En 2024, la misión Europa Clipper de la NASA se lanzará para investigar la luna Europa de Júpiter, que se cree que alberga un océano de agua líquida debajo de su superficie helada, donde se pueden encontrar signos de vida. La misión Dragonfly, cuyo lanzamiento está previsto para 2026, tendrá como objetivo buscar signos de vida en la luna Titán de Saturno.

Hay planes para una misión conjunta de la NASA y la ESA para visitar uno de los gigantes de hielo dentro de la próxima ventana de lanzamiento. Pero si bien ha habido una amplia preparación, aún no se ha decidido qué gigante de hielo se visitará.

Se está considerando una sola misión a ambos planetas. También se planea una sonda de entrada. Pero si la misión visita ambos planetas, no se ha decidido qué atmósfera del planeta explorará la sonda.

Si queremos cumplir con la próxima ventana de lanzamiento, los conceptos de misión esperados deberán finalizarse para 2025, a más tardar.
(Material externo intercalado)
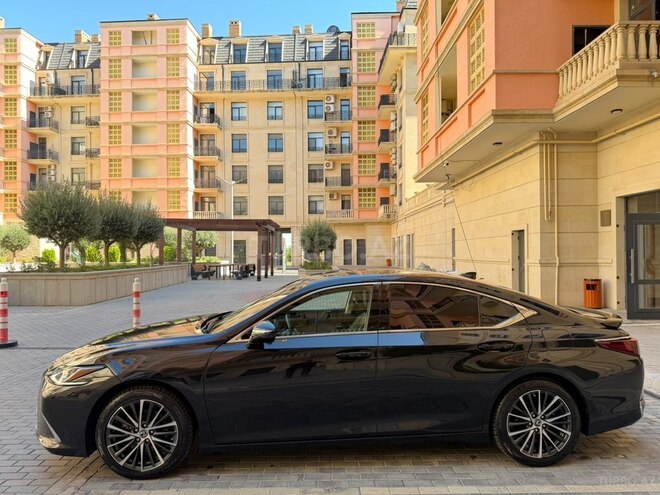 Lexus ES 300h 2022, 58,000 km - 2.5 л - Bakı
En otras palabras, se acerca el momento crucial.

Si una misión sigue adelante, los dos objetivos más importantes para los científicos de la NASA serán determinar la composición interior de los gigantes de hielo (exactamente de qué están hechos) y su composición (cómo se forman).

Otros objetivos incluirán el estudio de sus campos magnéticos, que son muy diferentes a los gigantes gaseosos y todos los demás tipos de planetas.

También querrán estudiar el calor liberado por Urano y Neptuno, que tienen temperaturas promedio de alrededor de -200 ℃. Todos los planetas gigantes están destinados a enfriarse muy lentamente, ya que liberan la energía obtenida durante su formación.

Esta liberación de calor se puede detectar para Júpiter, Saturno y Neptuno. Sin embargo, Urano no parece liberar calor, y los científicos no saben por qué.